▶ [Task details]: Exactly reproduce the lines from the one containing "Panda in a Dense, Swaying" through the last line of the data, both ends included, leaving out pictures.

%%

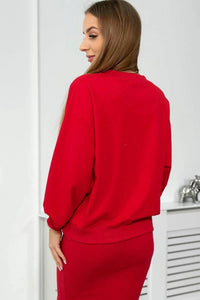 Set blouse + ribbed dress 9450 / – Red цвет / color | Lexline Fashion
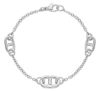 Picture of 18k white gold Anchor link Bracelet | Made in Italy | 19 cm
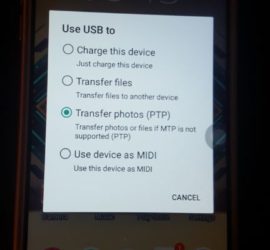 USB for Photo transfer in Android 7.0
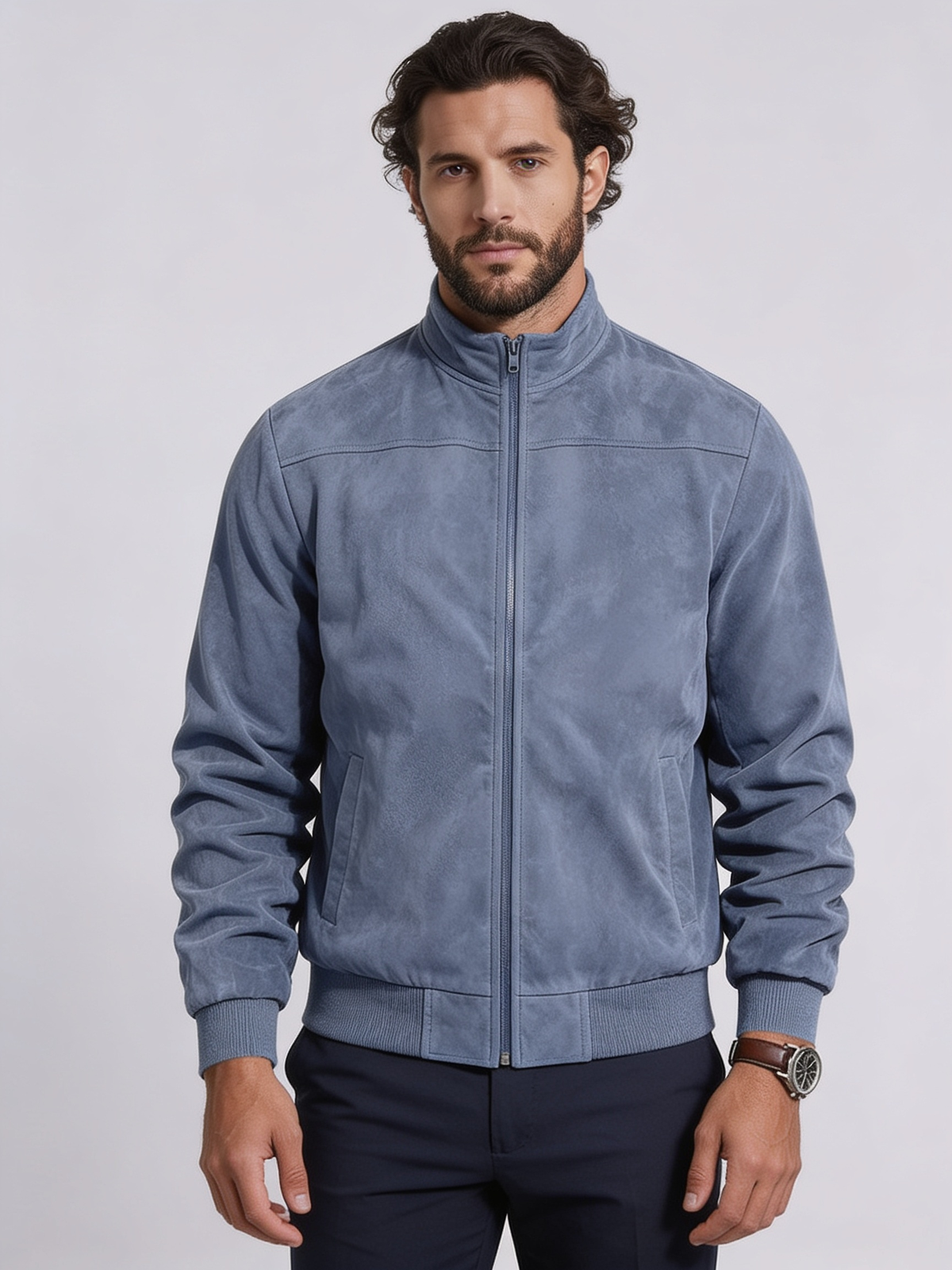 The Pesaro Suede-Effect Jacket cerrada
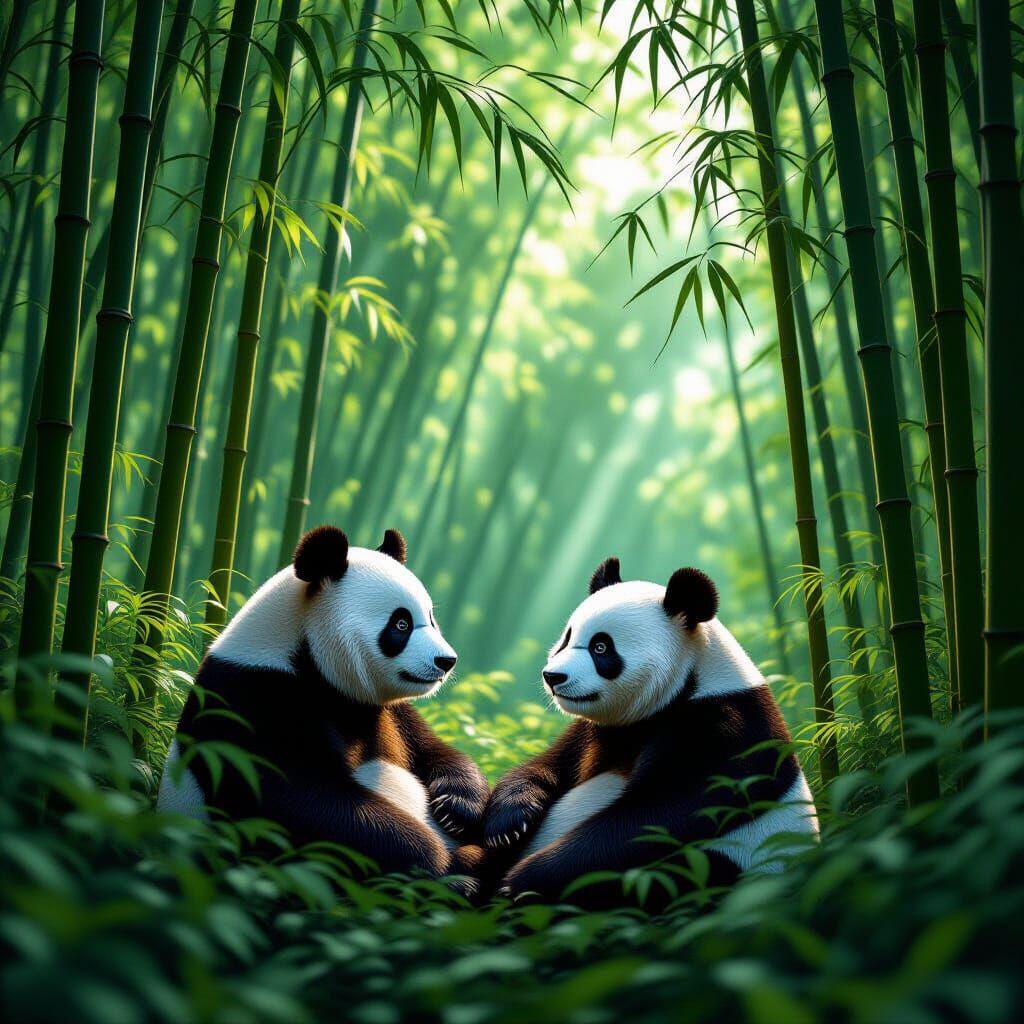 Panda in a Dense, Swaying Bamboo Forest - Fantasy Concept Ar...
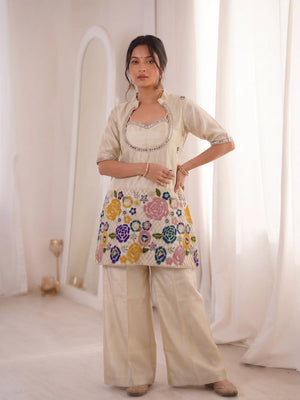 Ivory Cream Tissue Shimmer Silk Co-Ord Set with Real Mirror Work & Multicolor Floral Embroidery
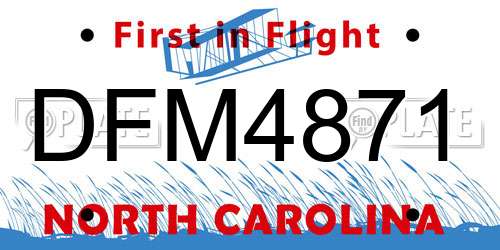 DFM4871 North Carolina License Plate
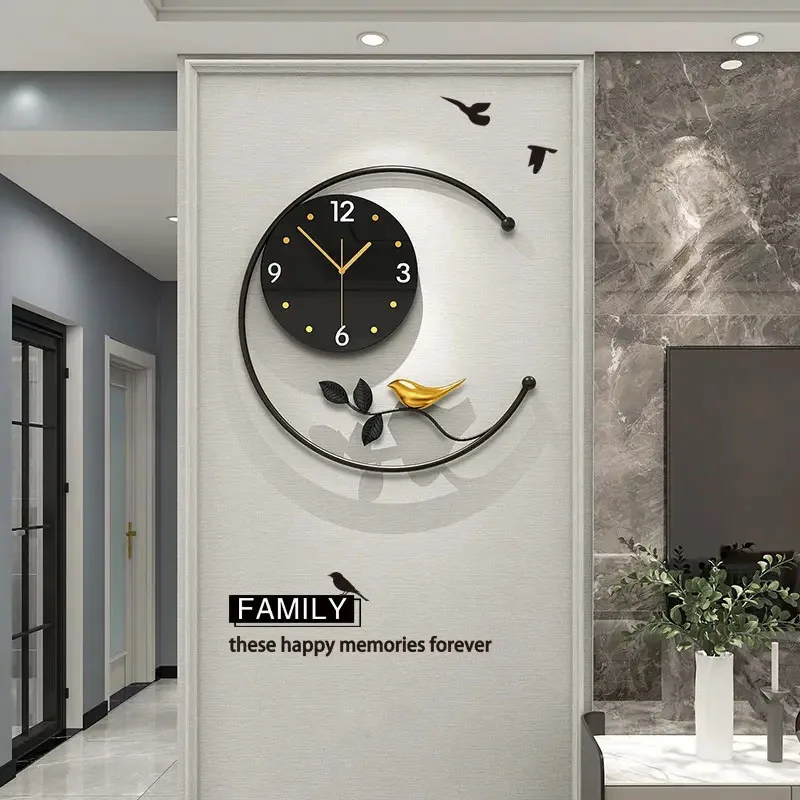 45*46cm Nordic Minimalist Round Shape Metal Wall Clock With Bird Home Decor Wall Hanging Clocks For Sale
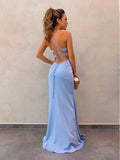 Sexy Mermaid Blue Prom Gown Long Backless Prom Dresses HZ1022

%%

▶ [Exercise output]:
 Panda in a Dense, Swaying Bamboo Forest - Fantasy Concept Ar...
 Ivory Cream Tissue Shimmer Silk Co-Ord Set with Real Mirror Work & Multicolor Floral Embroidery
 DFM4871 North Carolina License Plate
 45*46cm Nordic Minimalist Round Shape Metal Wall Clock With Bird Home Decor Wall Hanging Clocks For Sale
 Sexy Mermaid Blue Prom Gown Long Backless Prom Dresses HZ1022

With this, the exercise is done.